The Francis Scott Key Bridge is part of Maryland Route 29. The reinforced concrete structure carries six lanes of traffic and two pedestrian walkways across the Potomac River. The Classical Revival style arch bridge was completed in 1923. It is the oldest span across the Potomac within the District of Columbia. Built by the Army Corps of Engineers, the bridge’s northern terminus is in close proximity to a community park that honors the author of the Star Spangled Banner. It is the former site of his Georgetown home. Part of the National Highway System, the bridge connects Alexandria, Virginia with the Georgetown neighborhood of Washington, D.C.

Known locally as the Key Bridge, it was constructed to replace the Aqueduct Bridge that carried the Chesapeake and Ohio Canal across the Potomac.
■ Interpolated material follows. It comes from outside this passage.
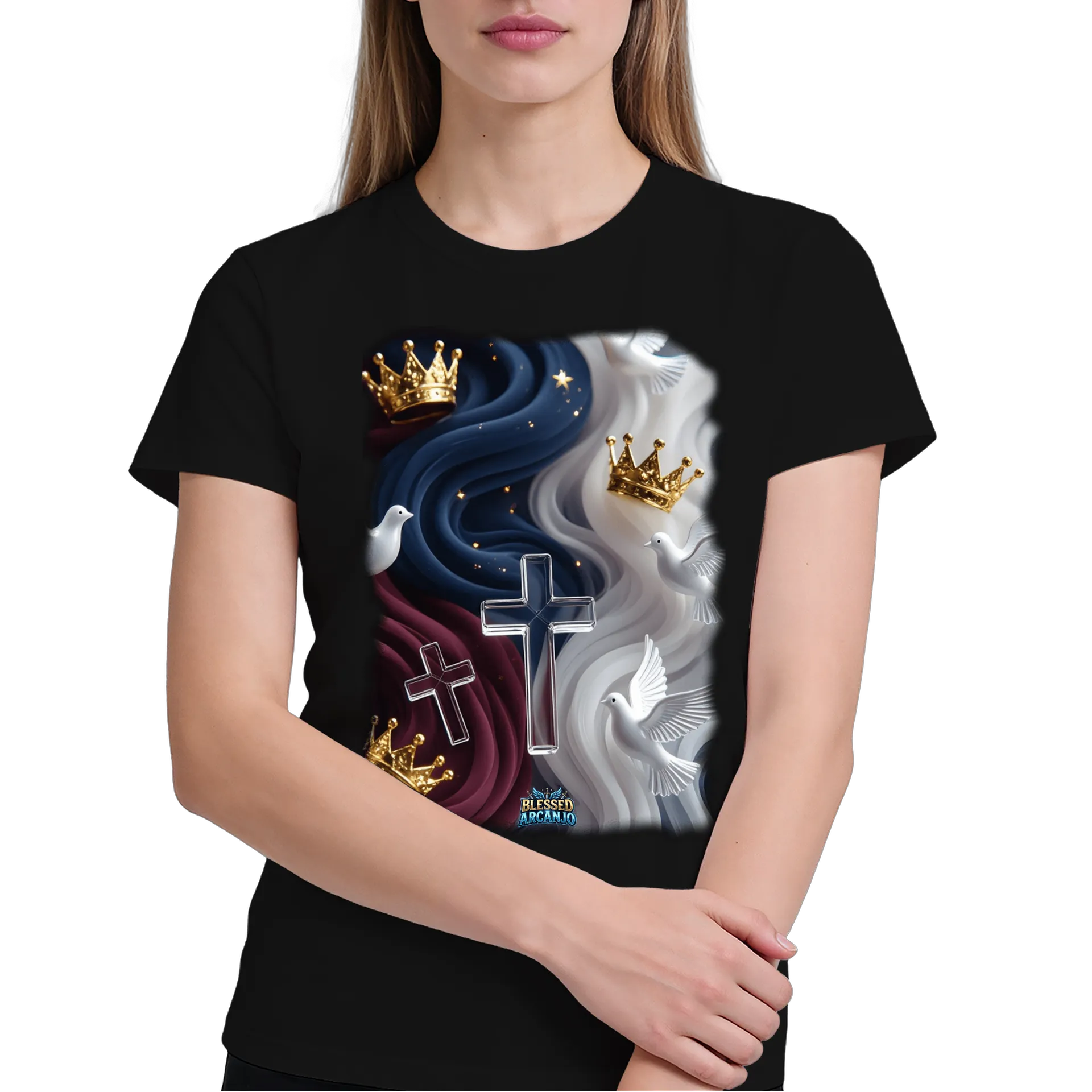 Camiseta Blessed Arcanjo Personalizada 100% Algodão - Imagem 4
The engineers converted the Key Bridge into a roadway when the canal system was abandoned. In 1923, the 70-foot wide bridge deck supported two pedestrian walkways, two traffic lanes and a trolley track down the center of the span. It was adorned with a parapet and light standards. The bridge was updated in 1955 and 1987. During these alterations the trolley tracks, parapet and light standards were removed. The bridge deck was widened to accommodate additional traffic and energy-efficient lighting was installed. The National Historic Places added the bridge to its list in 1996.